Start Simple: Begin with 3-5 broad categories (e.g., “Sales”, “Support”, “Analytics”), then add more specific tags as your library grows.
Common Tag Categories:
  • By Function: Sales, Customer Support, Marketing, Data Analysis
  • By Department: Finance, Engineering, Operations, Legal
  • By Specialty: Technical, Creative, Research, Reporting
Naming Tips:
  • Use clear, descriptive names (e.g., “Customer Support” not “CS”)
  • Keep tag names short (under 20 characters)
  • Be consistent with capitalization

Best Practices

Tool Selection

If a human can’t definitively say which tool should be used in a given situation, the agent won’t do better. Avoid overlapping functionality.
Only enable tools your agent actually needs. Extra tools create decision overhead and can slow response time.
Each tool has built-in instructions explaining how to use it. Your system prompt should focus on when to use tools in the workflow, which tools to prefer for which situations, and what not to do—not detailed instructions that duplicate or conflict with the tool’s own guidance.

Long-Running Workflows

Agents that perform multi-step work (building reports, processing many files, generating complex outputs) benefit from explicit workflow structure in the system prompt. Save intermediate results. When your agent builds something in stages (e.g., a multi-tab spreadsheet, a multi-section report), instruct it to save and publish each stage as a downloadable file before moving to the next. This protects against lost work and gives users visibility into progress.
After completing each section, save the workbook and provide a download link
before proceeding to the next section.
Use auto-proceed prompts for chained work. If your workflow has multiple sequential steps that don’t need user input between them, tell the agent to proceed automatically rather than waiting for confirmation after each step.
Complete all four report sections sequentially in a single response.
Do not wait for confirmation between sections. Save a checkpoint after each.

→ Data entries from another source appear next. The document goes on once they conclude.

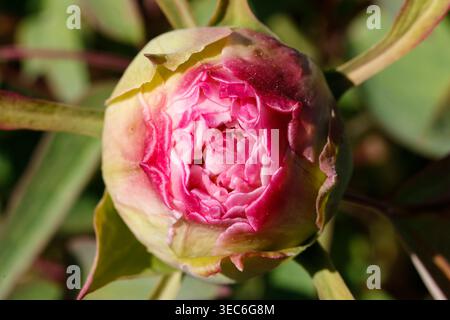 Macro View of a Pink Peony Bud Beginning to Unfurl and Bloom in a Sunny Spring Garden Stock Photo
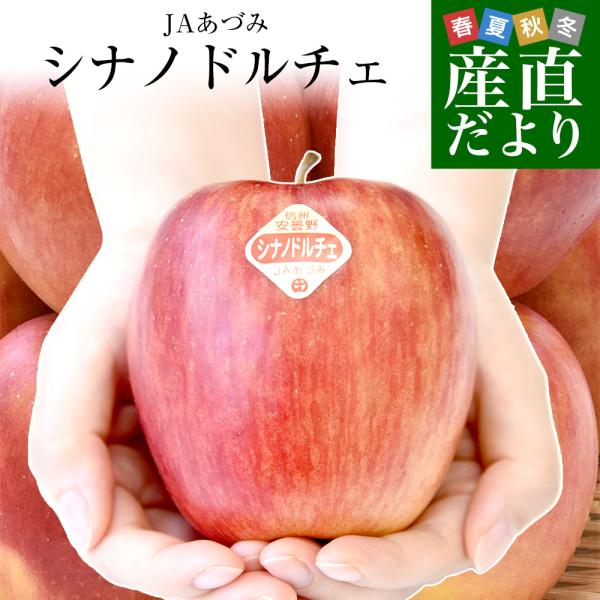 長野県産 JAあづみ 安曇野 シナノドルチェ 約3キロ （8玉から12玉）林檎 りんご 送料無料 市...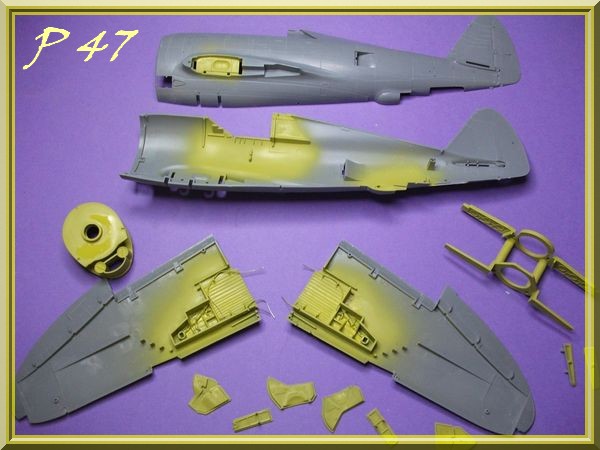 [Tamiya] P47D Thunderbolt (Razorback) 1/48 - Page 2 Dscf0221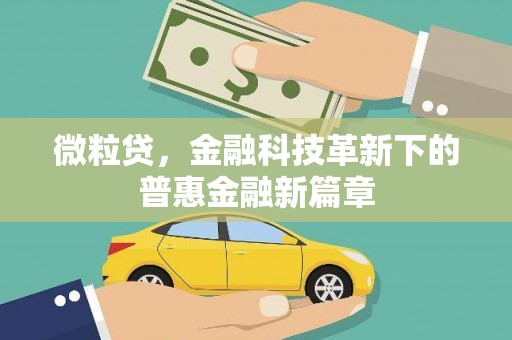新乡微粒贷，金融科技革新下的普惠金融新篇章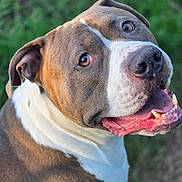 Jarvis is registered to the contest to win money with this photo: dog, canine, pet, smiling, tongue, grass, outdoor, nature, fur, brown, white, ears, eyes, happy, closeup, portrait, animal, friendly, cute, muzzle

Knowledge Base Guidance in System Prompts

Guide file identification in multi-entity KBs. When a knowledge base contains documents from many similarly-named items (e.g., “Project Alpha-A”, “Project Alpha-B”, “Project Beta-A”), semantic search can return results from the wrong entity. Instruct your agent to filter extracted_data.json by exact field values rather than relying on search alone for file identification.
To identify files for a specific entity, load extracted_data.json and filter
by the entity name field. Do not rely on search_knowledge_base to find all
files for an entity — search results are ranked by relevance and may include
files from similarly-named entities.
Tell the agent what data is already available. Agents have access to pre-extracted content in their Python sandbox (see Execute Python — Knowledge base file access), but won’t always use it unless guided. If your agent’s workflow involves processing many files, your system prompt should tell it which data source to start with and when to fall back to reading raw content.